That said, don't get too excited over the prospect of the relationship continuing on the same amazing keel once he does live in town. It may go well, it may not, I've seen both things happen in about equal numbers. You have to be prepared to move on if things go poorly once he's in town. And then don't think about this time as wasted, but as time you enjoyed at the time.
posted by jacquilynne at 8:25 AM on August 9, 2008

Joy is rare enough in life without you throwing it away. Right now, you are enjoying this. If you meet and it doesn't work, you will still have had a few weeks of joy. I'd have a different response if you were planning to wait a year, but if it only a few weeks then just relax and enjoy.

However, don't put too much stock in the lack of red flags. When you're finally together, all the little human foibles (yours and his) will become apparent. That's okay too.
posted by 26.2 at 4:39 PM on August 9, 2008

Eggs. Basket. Shop for additional basket.

It sounds like you are foregoing any other romantic pursuits to engage in this one.
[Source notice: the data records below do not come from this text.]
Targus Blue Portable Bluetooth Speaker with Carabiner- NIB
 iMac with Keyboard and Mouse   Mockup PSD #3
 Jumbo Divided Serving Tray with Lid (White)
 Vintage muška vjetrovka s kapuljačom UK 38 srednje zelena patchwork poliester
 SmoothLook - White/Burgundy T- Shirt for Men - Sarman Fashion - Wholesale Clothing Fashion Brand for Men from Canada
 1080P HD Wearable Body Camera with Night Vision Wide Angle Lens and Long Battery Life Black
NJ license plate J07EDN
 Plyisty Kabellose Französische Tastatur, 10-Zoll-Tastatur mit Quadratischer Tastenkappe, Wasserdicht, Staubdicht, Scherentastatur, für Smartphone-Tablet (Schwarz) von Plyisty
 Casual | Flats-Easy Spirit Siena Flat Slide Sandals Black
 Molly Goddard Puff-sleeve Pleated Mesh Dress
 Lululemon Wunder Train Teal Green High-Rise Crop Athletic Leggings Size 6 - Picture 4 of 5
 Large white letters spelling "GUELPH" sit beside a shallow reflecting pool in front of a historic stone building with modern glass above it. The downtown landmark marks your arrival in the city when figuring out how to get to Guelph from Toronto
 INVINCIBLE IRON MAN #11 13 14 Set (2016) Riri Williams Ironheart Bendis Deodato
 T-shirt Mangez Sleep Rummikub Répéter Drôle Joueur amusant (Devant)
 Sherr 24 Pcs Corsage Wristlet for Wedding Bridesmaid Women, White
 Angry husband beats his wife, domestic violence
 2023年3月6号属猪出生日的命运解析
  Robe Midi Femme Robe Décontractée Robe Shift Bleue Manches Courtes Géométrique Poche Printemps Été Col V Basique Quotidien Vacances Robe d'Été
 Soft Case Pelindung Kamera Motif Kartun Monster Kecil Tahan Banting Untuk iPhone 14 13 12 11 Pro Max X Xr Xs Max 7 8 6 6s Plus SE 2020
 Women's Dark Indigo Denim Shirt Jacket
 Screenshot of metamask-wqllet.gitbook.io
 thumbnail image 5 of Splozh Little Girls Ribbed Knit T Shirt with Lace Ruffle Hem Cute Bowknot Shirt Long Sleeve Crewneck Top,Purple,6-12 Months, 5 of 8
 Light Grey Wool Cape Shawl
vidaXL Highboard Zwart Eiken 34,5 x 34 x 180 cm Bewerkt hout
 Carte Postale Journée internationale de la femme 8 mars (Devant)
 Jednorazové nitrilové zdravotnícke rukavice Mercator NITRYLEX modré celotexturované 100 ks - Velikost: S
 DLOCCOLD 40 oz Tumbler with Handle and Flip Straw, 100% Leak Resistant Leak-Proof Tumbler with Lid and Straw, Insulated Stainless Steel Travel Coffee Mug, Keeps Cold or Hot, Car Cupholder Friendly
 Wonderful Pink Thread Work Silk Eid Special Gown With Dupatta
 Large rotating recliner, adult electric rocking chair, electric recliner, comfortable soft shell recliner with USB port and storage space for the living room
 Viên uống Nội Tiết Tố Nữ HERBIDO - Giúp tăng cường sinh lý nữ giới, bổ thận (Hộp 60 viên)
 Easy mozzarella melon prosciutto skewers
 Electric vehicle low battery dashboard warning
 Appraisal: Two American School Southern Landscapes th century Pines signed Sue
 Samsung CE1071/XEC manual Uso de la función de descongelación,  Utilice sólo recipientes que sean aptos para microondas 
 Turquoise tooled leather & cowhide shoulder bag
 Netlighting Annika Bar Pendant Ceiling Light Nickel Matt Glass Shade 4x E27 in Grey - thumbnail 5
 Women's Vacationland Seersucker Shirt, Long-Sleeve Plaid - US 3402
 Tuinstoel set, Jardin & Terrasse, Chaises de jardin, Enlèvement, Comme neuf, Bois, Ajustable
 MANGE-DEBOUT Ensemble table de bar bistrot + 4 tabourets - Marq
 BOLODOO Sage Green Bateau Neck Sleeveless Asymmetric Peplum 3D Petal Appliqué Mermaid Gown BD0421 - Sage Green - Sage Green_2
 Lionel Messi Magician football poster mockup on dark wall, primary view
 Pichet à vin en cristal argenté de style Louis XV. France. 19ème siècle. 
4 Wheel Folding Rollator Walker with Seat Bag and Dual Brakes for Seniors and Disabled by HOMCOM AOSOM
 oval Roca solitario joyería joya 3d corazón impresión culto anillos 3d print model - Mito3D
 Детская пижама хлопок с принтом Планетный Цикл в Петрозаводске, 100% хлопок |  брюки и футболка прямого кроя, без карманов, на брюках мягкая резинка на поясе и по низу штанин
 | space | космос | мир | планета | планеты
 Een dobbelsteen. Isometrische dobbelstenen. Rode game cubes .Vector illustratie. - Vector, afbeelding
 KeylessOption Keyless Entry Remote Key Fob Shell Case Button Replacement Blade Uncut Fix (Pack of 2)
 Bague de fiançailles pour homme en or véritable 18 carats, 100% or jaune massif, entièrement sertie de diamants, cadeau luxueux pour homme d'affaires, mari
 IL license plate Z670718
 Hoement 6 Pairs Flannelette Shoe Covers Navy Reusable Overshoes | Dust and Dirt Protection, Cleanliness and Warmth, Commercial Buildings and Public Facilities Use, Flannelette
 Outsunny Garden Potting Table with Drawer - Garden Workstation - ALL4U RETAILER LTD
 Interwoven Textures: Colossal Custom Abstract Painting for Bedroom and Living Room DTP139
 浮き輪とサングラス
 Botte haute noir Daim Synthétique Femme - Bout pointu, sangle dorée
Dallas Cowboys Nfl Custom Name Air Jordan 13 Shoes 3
Don´t do that to yourself.

We're both quite confident that even if we don't have physical chemistry, we'll still be friends.

Good online and phone friends don´t always make good RL friends, and vice versa. Maybe you will be great in person, or maybe you won´t be. You can´t predict how it will go.
posted by yohko at 8:10 AM on August 10, 2008

I would say it's almost imperative you both meet before doing ANY future planning.. let alone moving!! I would never move for even a boyfriend that I've known for a few months. How would you know if you can stand each other's living habits, style, cleanliness, financial bills, etc. when you don't even know if you have physical chemistry?

Not trying to make you feel bad - it's just I've been there before and thought that I was going to meet - who seemed like an amazing connection online - to putter out in person. Of course, I could be wrong and hopefully you guys will be happy together.